Patricia Campbell had always planned for a big life, but after giving up her career as a nurse to marry an ambitious doctor and become a mother, Patricia’s life has never felt smaller. The days are long, her kids are ungrateful, her husband is distant, and her to-do list is never really done. The one thing she has to look forward to is her book club, a group of Charleston mothers united only by their love for true-crime and suspenseful fiction. In these meetings, they’re more likely to discuss the FBI’s recent siege of Waco as much as the ups and downs of marriage and motherhood.

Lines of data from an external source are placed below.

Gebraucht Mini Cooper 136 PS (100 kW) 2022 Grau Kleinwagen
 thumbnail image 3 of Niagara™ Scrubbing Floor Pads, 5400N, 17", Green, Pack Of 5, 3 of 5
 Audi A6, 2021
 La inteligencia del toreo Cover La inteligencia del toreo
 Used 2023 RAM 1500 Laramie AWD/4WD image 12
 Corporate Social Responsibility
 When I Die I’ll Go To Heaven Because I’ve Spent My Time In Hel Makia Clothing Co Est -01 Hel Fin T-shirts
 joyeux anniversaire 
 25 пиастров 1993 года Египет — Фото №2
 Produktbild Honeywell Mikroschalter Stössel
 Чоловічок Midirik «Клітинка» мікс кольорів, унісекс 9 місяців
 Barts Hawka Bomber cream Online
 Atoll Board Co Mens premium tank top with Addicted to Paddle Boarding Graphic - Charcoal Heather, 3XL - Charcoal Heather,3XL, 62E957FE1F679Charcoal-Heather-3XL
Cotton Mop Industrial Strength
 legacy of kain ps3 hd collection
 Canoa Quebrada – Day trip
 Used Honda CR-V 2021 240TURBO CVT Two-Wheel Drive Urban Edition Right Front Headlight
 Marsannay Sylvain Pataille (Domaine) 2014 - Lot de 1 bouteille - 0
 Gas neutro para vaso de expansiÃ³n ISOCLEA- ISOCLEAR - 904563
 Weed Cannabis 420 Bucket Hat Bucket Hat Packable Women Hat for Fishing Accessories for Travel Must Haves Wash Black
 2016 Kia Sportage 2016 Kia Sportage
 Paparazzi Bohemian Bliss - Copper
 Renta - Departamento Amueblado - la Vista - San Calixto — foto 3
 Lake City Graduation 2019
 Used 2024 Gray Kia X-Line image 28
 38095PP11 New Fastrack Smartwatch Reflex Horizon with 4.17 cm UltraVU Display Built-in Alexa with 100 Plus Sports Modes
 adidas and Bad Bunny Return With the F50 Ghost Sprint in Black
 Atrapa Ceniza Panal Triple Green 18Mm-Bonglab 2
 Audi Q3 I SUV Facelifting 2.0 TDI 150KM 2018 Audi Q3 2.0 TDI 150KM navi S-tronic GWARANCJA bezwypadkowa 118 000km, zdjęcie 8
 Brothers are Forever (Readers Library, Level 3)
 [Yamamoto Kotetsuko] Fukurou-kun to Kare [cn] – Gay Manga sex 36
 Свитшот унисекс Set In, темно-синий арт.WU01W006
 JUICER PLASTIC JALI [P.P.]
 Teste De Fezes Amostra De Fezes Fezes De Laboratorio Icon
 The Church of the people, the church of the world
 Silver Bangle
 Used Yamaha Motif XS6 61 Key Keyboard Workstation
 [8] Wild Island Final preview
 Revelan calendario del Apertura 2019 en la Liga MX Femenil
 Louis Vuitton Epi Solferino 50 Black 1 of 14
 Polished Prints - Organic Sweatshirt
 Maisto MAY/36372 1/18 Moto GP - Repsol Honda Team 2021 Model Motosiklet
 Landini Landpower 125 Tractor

But when an artistic and sensitive stranger moves into the neighborhood, the book club’s meetings turn into speculation about the newcomer. Patricia is initially attracted to him, but when some local children go missing, she starts to suspect the newcomer is involved. She begins her own investigation, assuming that he’s a Jeffrey Dahmer or Ted Bundy. What she uncovers is far more terrifying, and soon she – and her book club – are the only people standing between the monster they’ve invited into their homes and their unsuspecting community.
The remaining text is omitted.